Higher-Order Functions

Bottling Computation Patterns

Another way to practice D.R.Y:

  • spot common computation patterns

  • refactor them into reusable higher-order functions (HOFs)

  • useful library HOFs: map, filter, and fold










EXERCISE: evens

Write a function evens that extracts only even elements from an integer list.

-- evens []        ==> []
-- evens [1,2,3,4] ==> [2,4]
evens       :: [Int] -> [Int]
evens []     = ... 
evens (x:xs) = ...







Example: four-letter words

Let’s write a function fourChars:

-- fourChars [] ==> []
-- fourChars ["i","must","do","work"] ==> ["must","work"]
fourChars :: [String] -> [String]
fourChars []     = ... 
fourChars (x:xs) = ...










Yikes, Most Code is the Same

Lets rename the functions to foo:

foo []            = []
foo (x:xs)
  | x mod 2 == 0  = x : foo xs
  | otherwise     =     foo xs

foo []            = []
foo (x:xs)
  | length x == 4 = x : foo xs
  | otherwise     =     foo xs

Only difference is the condition

  • x mod 2 == 0 vs length x == 4










Moral of the day


D.R.Y. Don’t Repeat Yourself!


Can we

  • reuse the general pattern and
  • substitute in the custom condition?










HOFs to the rescue!

General Pattern

  • expressed as a higher-order function
  • takes customizable operations as arguments

Specific Operation

  • passed in as an argument to the HOF







The “filter” pattern

The filter Pattern

General Pattern

  • HOF filter
  • Recursively traverse list and pick out elements that satisfy a predicate

Specific Operations

  • Predicates isEven and isFour
filter instances




filter bottles the common pattern of selecting elements from a list that satisfy a condition:

Fairy In a Bottle










Let’s talk about types

-- evens [1,2,3,4] ==> [2,4]
evens :: [Int] -> [Int]
evens xs = filter isEven xs
  where
    isEven :: Int -> Bool
    isEven x  =  x `mod` 2 == 0
filter :: ???






-- fourChars ["i","must","do","work"] ==> ["must","work"]
fourChars :: [String] -> [String]
fourChars xs = filter isFour xs
  where
    isFour :: String -> Bool
    isFour x  =  length x == 4
filter :: ???







So what’s the type of filter?

filter :: (Int -> Bool) -> [Int] -> [Int] -- ???

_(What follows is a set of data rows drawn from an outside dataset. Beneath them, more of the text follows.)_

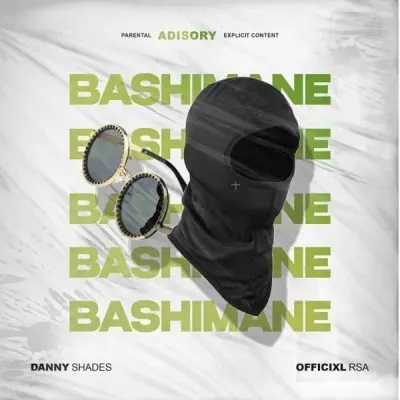 Officixl Rsa & Danny Shades – Bashimane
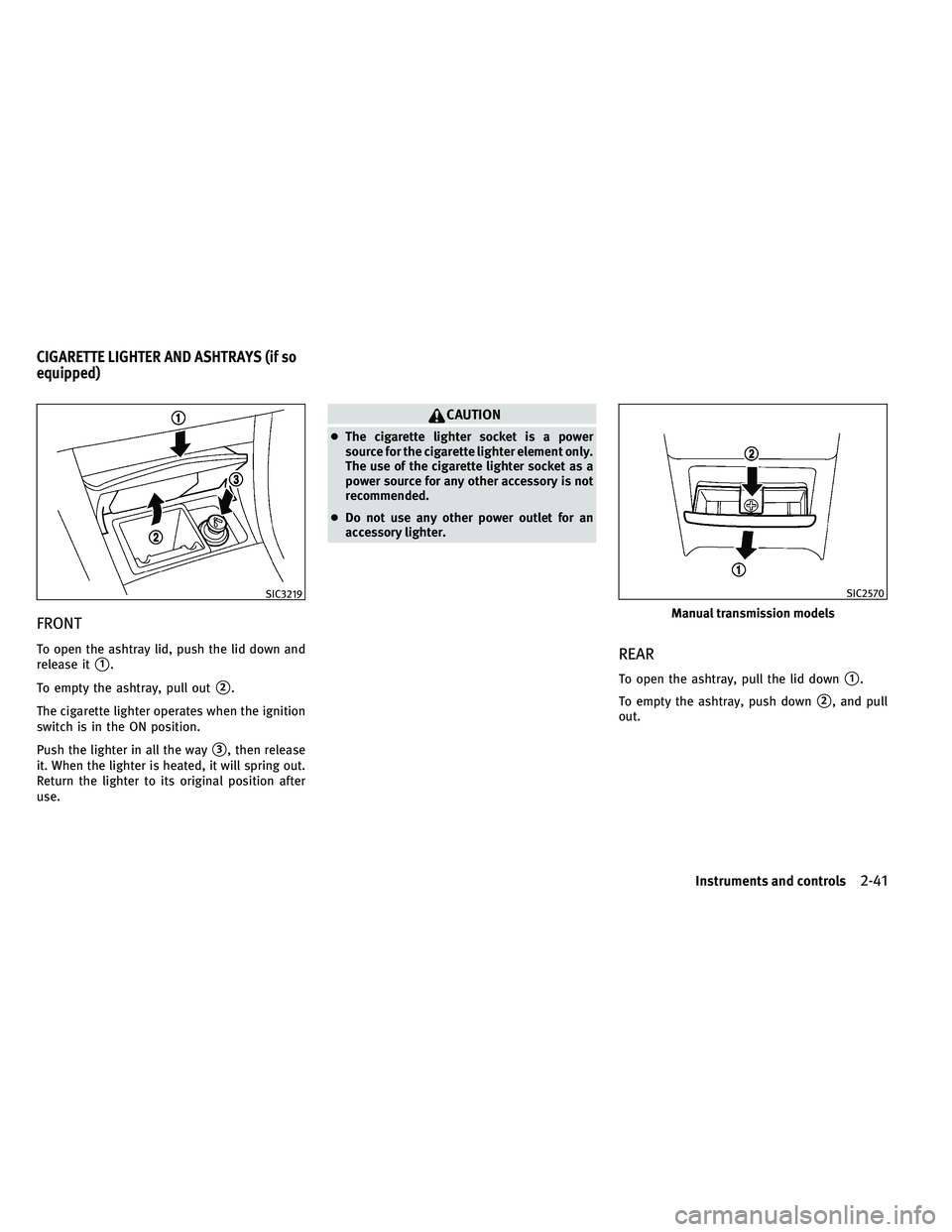 INFINITI G-COUPE 2011  Owners Manual FRONT
To open the ashtray lid, push the lid down and
release it
1.
To empty the ashtray, pull out
2.
The cigarette lighter operates when the ignition
switch is in the ON position.
Push the lighter i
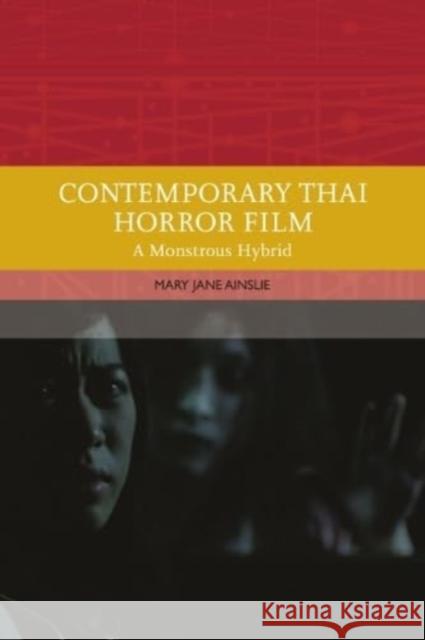 Contemporary Thai Horror Film Mary Ainslie 9781474484459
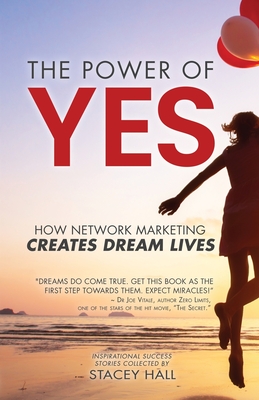 The Power of YES: How Network Marketing Creates Dream Lives - Hall, Stacey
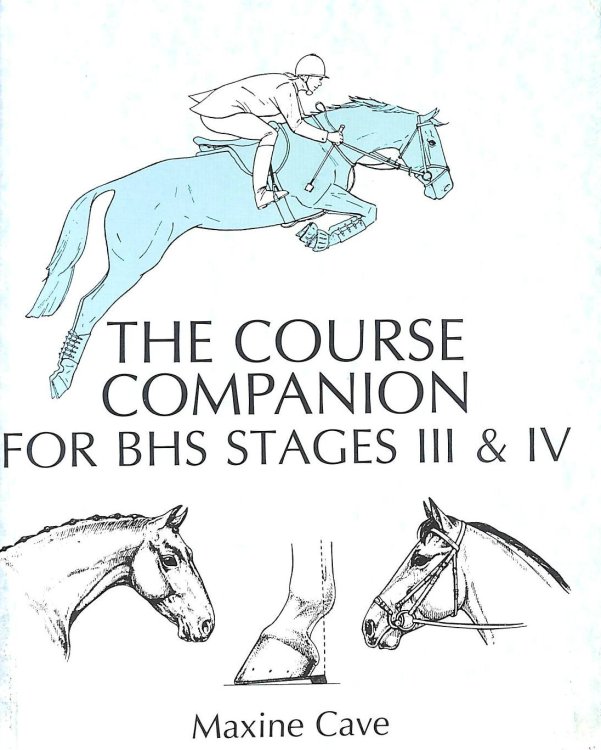 The Course Companion for BHS Stages III & IV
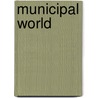 Municipal World by Unknown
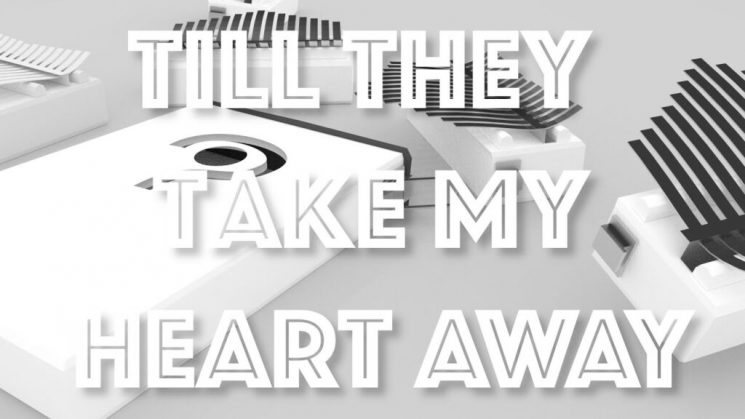 Till They Take My Heart Away By Claire Marlo/MYMP Kalimba Tabs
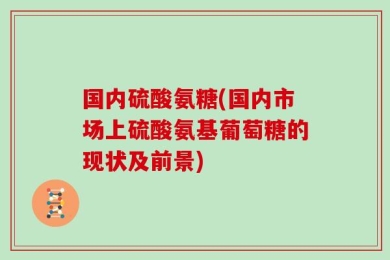 国内硫酸氨糖(国内市场上硫酸氨基葡萄糖的现状及前景)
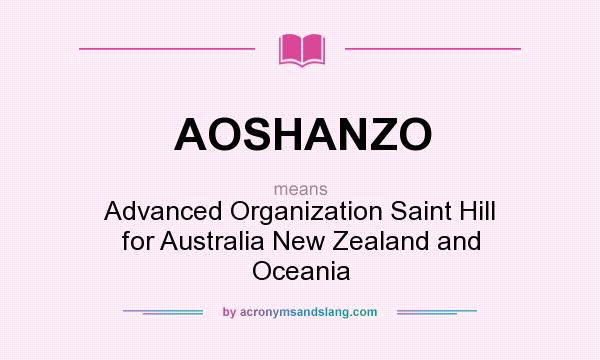 What does AOSHANZO mean? It stands for Advanced Organization Saint Hill for Australia New Zealand and Oceania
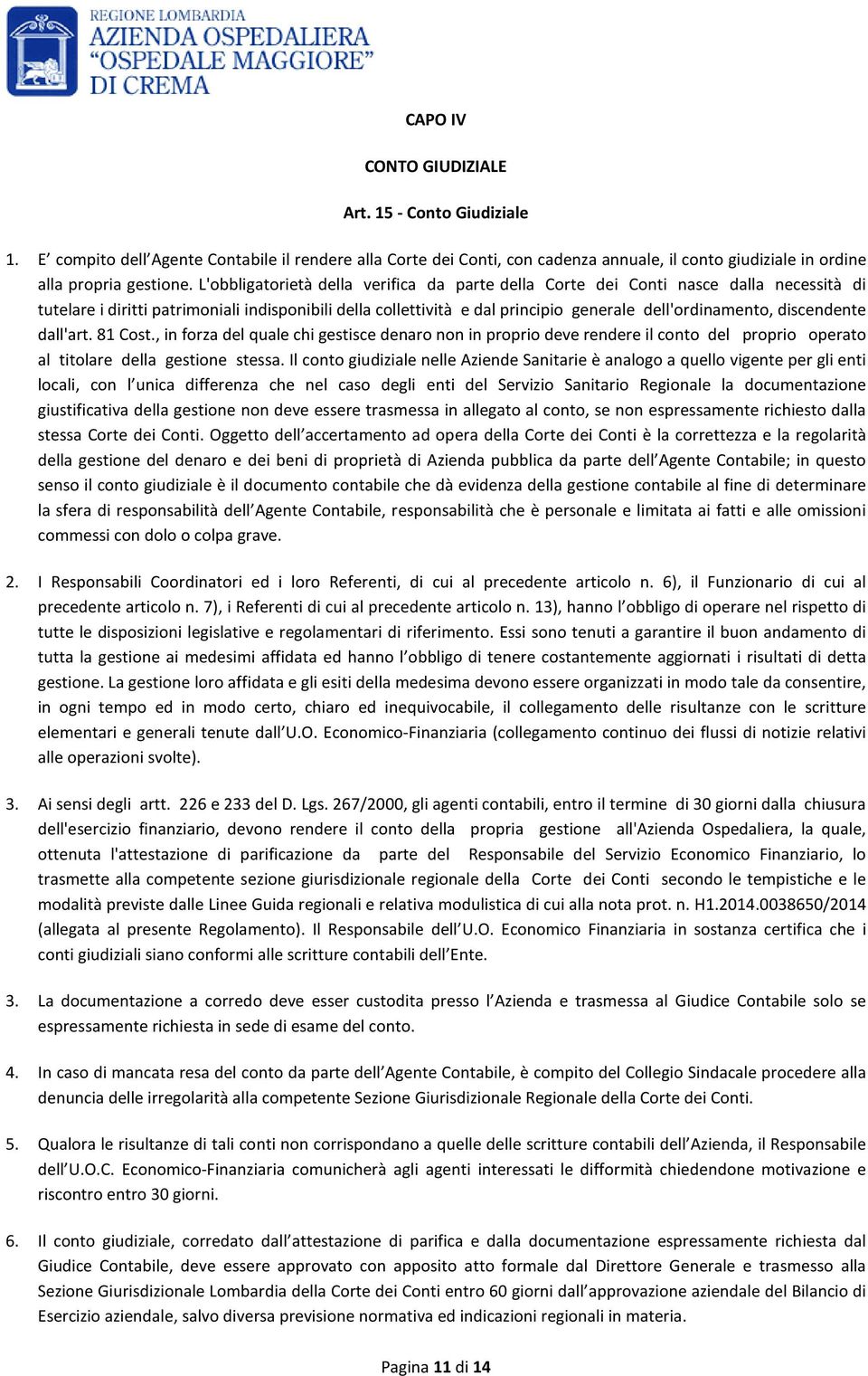 discendente dall'art. 81 Cost., in forza del quale chi gestisce denaro non in proprio deve rendere il conto del proprio operato al titolare della gestione stessa.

filter :: (String -> Bool) -> [String] -> [String] -- ???


  • It does not care what the list elements are

    • as long as the predicate can handle them
  • It’s type is polymorphic (generic) in the type of list elements


-- For any type `a`
--   if you give me a predicate on `a`s
--   and a list of `a`s,
--   I'll give you back a list of `a`s 
filter :: (a -> Bool) -> [a] -> [a]













Example: all caps

Lets write a function shout:

-- shout []                    ==> []
-- shout ['h','e','l','l','o'] ==> ['H','E','L','L','O'] 
shout :: [Char] -> [Char]
shout []     = ...
shout (x:xs) = ... 







Example: squares

Lets write a function squares:

-- squares []        ==> []
-- squares [1,2,3,4] ==> [1,4,9,16] 
squares :: [Int] -> [Int]
squares []     = ...
squares (x:xs) = ... 










Yikes, Most Code is the Same

Lets rename the functions to foo:

-- shout
foo []     = []
foo (x:xs) = toUpper x : foo xs

-- squares
foo []     = []
foo (x:xs) = (x * x)   : foo xs



Lets refactor into the common pattern

pattern = ...







The “map” pattern

The map Pattern

General Pattern

  • HOF map
  • Apply a transformation f to each element of a list

Specific Operations

  • Transformations toUpper and \x -> x * x




map bottles the common pattern of iteratively applying a transformation to each element of a list:

Fairy In a Bottle













EXERCISE: refactor with map

With map defined as:

map f []     = []
map f (x:xs) = f x : map f xs

refactor shout and squares to use map:

shout   xs = map ...

squares xs = map ...













The Case of the Missing Parameter

The following definitions of shout are equivalent:

shout :: [Char] -> [Char]
shout xs = map (\x -> toUpper x) xs

and

shout :: [Char] -> [Char]
shout = map toUpper

Where did xs and x go???












The Case of the Missing Parameter

Recall lambda calculus:

The expressions f and \x -> f x are in some sense “equivalent”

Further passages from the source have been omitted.